After a few acting classes, and getting roles in bigger, outside-of-school productions I thought, this is the life for me. But my poor self-esteem and practical nature had other ideas. Struggling actors sometimes lived in their cars. They endured horrific humiliations during auditions. My flaws were readily apparent, I thought, and I didn’t need some cigar-chomping producer to rip me to shreds. Pushing aside the thrill of acting was easy when I assumed I’d fail. The search for an alternative began.

Radio. I’d always loved radio, especially Hamilton’s 1150 CKOC. Scott “Hollywood” Harris in the evening. Nevin Grant’s “In Touch With Today”. Mornings giggling along with pre-scandal Jason Roberts. Winning prizes, making requests, calling the talk shows, wondering how some things were done. Later, while in high school, I briefly dated a real, live radio DJ. (He was kind of a jerk.)

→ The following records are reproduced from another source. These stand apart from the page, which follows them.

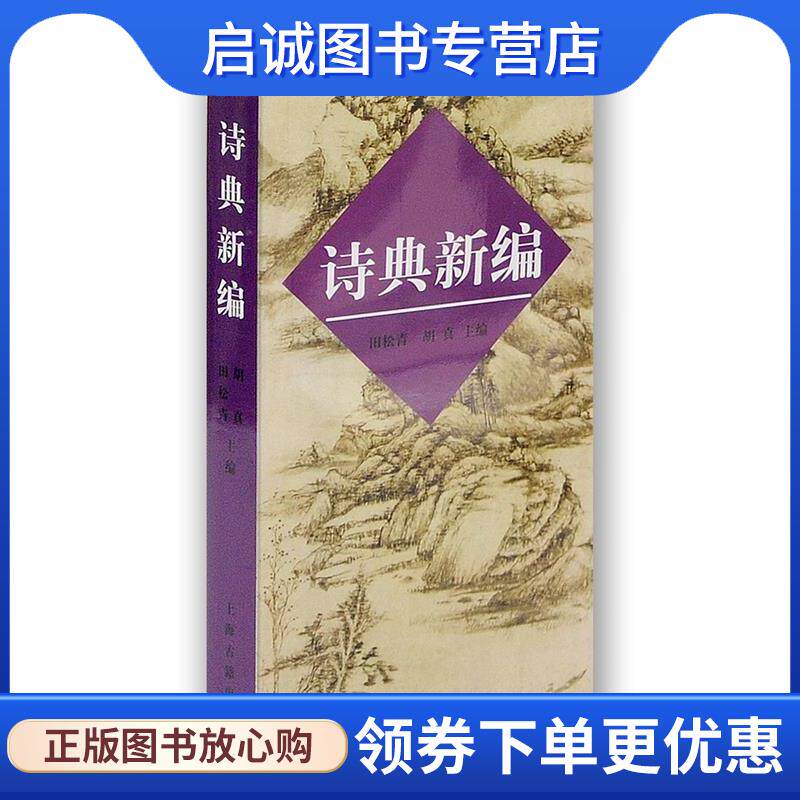 正版现货直发诗典新编 田松青 9787532528851 上海古籍出版社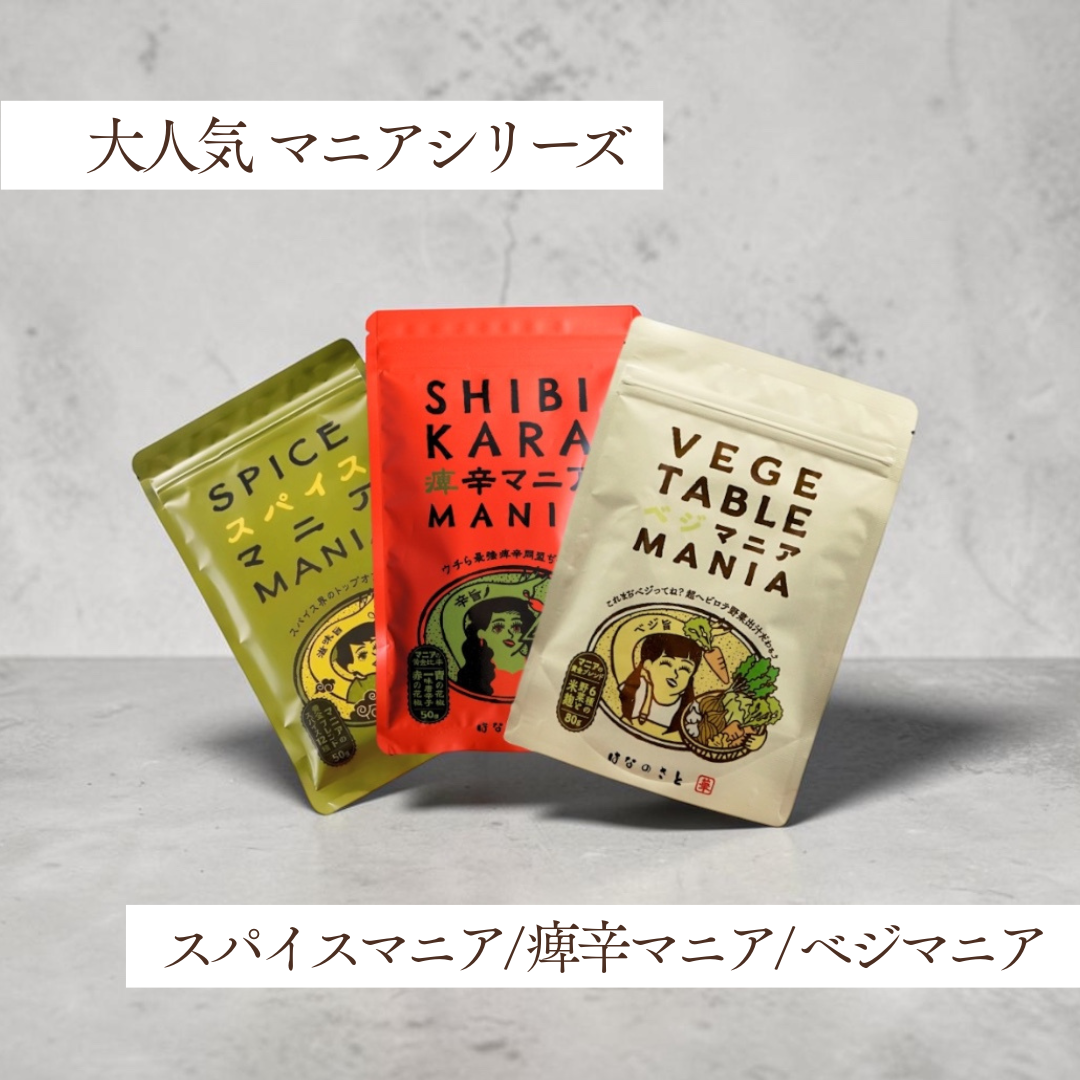 
                  
                    ギフトセット
                  
                
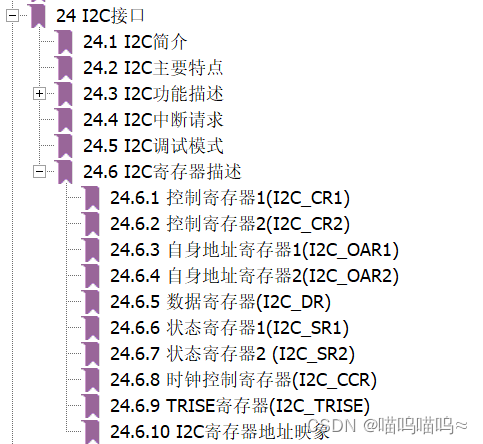 STM32入门——IIC通讯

In the office of the Guidance Counselor, who was also the football coach and cared more about the latter than the former, “What are you going to do after graduation?” I had good marks but they weren’t spectacular. No nuclear physicist career for me. Gazing around the room, buying time, my eyes settled on a brochure for the broadcasting program at Niagara College. “Radio. I’m going to get into radio.”

Q107 became my textbook. I studied Samantha Taylor, and was late for class a few times so I could enjoy all of Scruff Connors’ show. I secretly idolized Barbara Frum on CBC. (She wasn’t cool for my age group!) I punched around to other stations to hear how much they sucked compared to Q.

That was almost four decades ago. I found that acting thrill while earning a steady paycheque. Radio’s been good to me and bad to me. It’s been a best friend and a complete bitch. I’ve loved it and had knock-down, drag-out fights with it. It’s family. We always get back together. Sometimes I think I don’t know it anymore. Then I realize that some of its caretakers don’t respect it enough to treat it well. I’ve had moments on air that I thought were award-worthy and others so lame, it was mortifying. You have to know when to leave the party. Maybe another opportunity will come and maybe it won’t. But like Ross and Rachel on Friends, we need to go on a break before we can reunite again.